The Dark, James Herbert's 7th novel, almost feels like a greatest hits collection at times, combining the epic disaster scale of such novels as The Rats and The Fog, with the supernatural scares of The Survivor and The Spear. At first glance the story seems to share most similarities with The Fog, with this time a creeping darkness rather than a mist leaving a horde of insane killers in it's wake, but thankfully the additional supernatural angle makes this more than just a straight rewrite. There's a good variety of action in the novel, starting from an investigation at a haunted house before spiralling into George Romero-style hordes of zombies.

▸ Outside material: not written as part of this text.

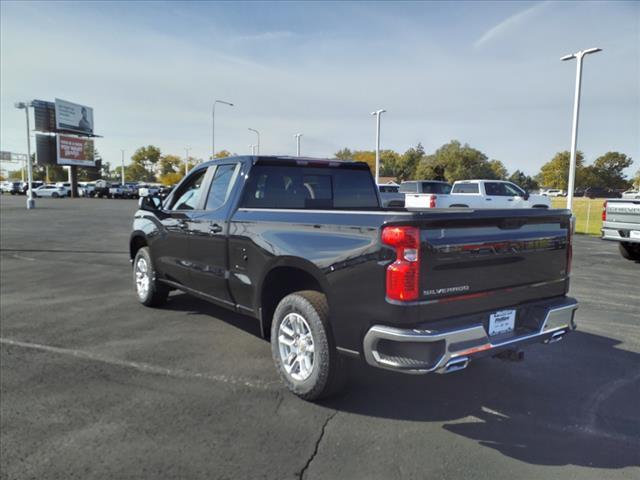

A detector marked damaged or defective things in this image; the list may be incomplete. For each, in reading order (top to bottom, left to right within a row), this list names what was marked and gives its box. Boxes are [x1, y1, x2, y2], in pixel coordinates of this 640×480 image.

crack in asphalt [300, 410, 340, 478]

It's not perfect - the explanation of what the Dark actually is is occasionally muddled, and the ending is blink and you'll miss it fast, but the combination of action, scares, and good solid characterisation makes this a good return to form after a few hit and miss novels preceding it. A little formulaic yes, but all in all an improvement on Herbert's previous attempts.
Great fun...but isn't this just 'The Rats' in another form??

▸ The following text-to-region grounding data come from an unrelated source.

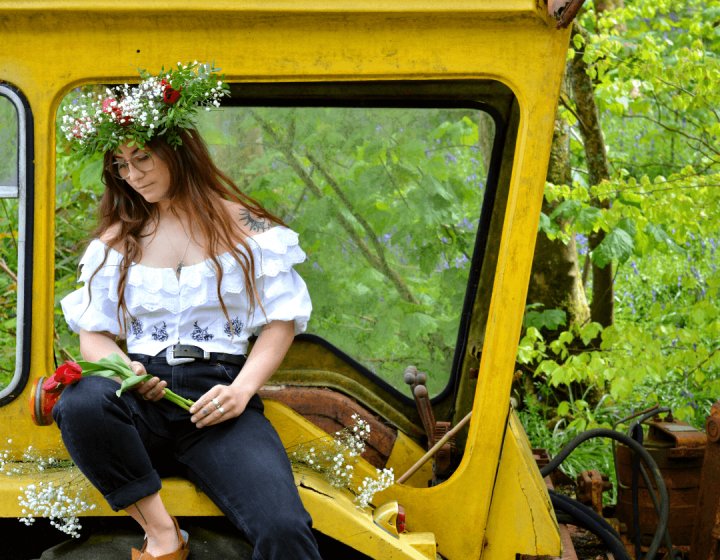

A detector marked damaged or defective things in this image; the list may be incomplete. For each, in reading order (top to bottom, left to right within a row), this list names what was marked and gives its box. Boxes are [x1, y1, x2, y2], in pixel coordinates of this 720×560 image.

rusted machine part [258, 384, 396, 468]
rusted machine part [404, 368, 456, 482]
rusted machine part [576, 468, 612, 516]
rusted machine part [616, 416, 704, 548]
rusted machine part [688, 400, 720, 556]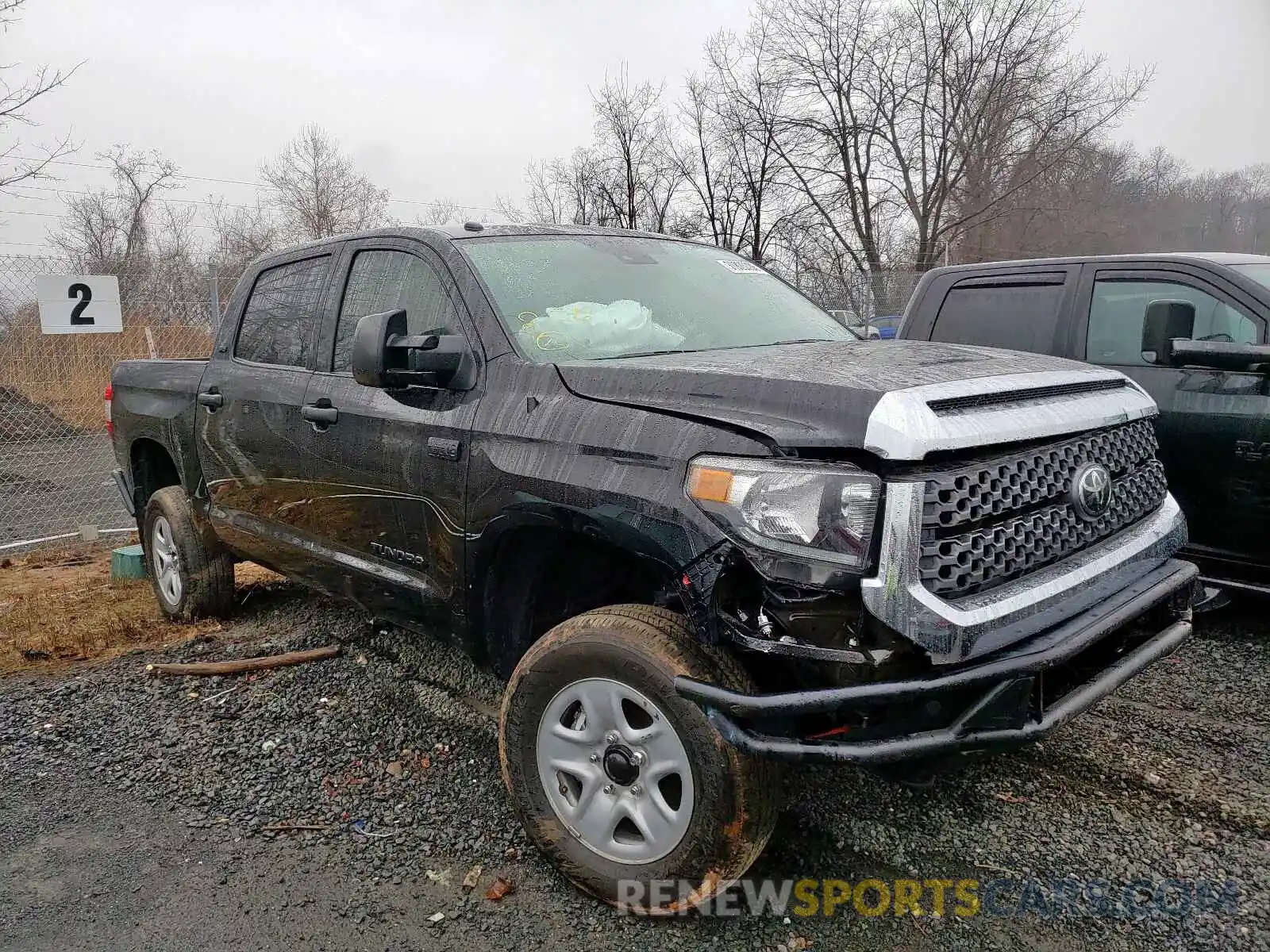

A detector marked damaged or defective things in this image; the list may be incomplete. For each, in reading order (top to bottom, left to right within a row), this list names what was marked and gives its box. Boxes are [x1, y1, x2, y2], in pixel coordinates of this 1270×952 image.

After all the hype James Herbert receives (best British author status etc.), I decided to read this, which I did a few years ago when I was 14 or something. At the time I thoroughly enjoyed the cinematic scenarios and gory features, which fed my curiosity and desire throughout. But then I read 'The Rats' and have started to read 'The Fog'....and I'm beginning to see a pattern here somewhere. This IS 'The Rats' but in a different form !! E.g. different scenarios where malevolent evil destroys good and the main character (of course) has to stop it in the usual James Herbert (predictable)finale. THEN I read 'Shrine' and I discovered something else - the main character Fenn in that is practically IDENTICAL characteristically to Bishop in this book....and, er, Harris in 'The Rats' and, yes yet again, the main guy from 'Moon'. Mmmmm. This made me feel rather cheated to be honest, because since I read this, I can predict the characters and outcomes of all Herbert's other books. Is that just me?? Perhaps so. But all that aside, I think the descriptive quality and malevolent images evoked in this novel are intensely addictive and may leave you thirsting for more if you like this sort of thing. My favourite section is probably the opening introduction, which sets the scene wonderfully. Okay, so it was hardly going to be acclaimed for an intricate plot or original storyline, but this is full-on horrofic fun and may even send a chill or two rippling down your spine. The parapsychological jargon (some of which is deliberately difficult to comprehend in certain places) makes the book feasible, I think. Maybe it's a bit cliché and predictable (and having virtually the same story as his other books) but it really is good fun if you don't feel up to any analysis of context etc. This is his best from the five I've read, in my opinion, solely due to the dark ambience it is able to evoke within.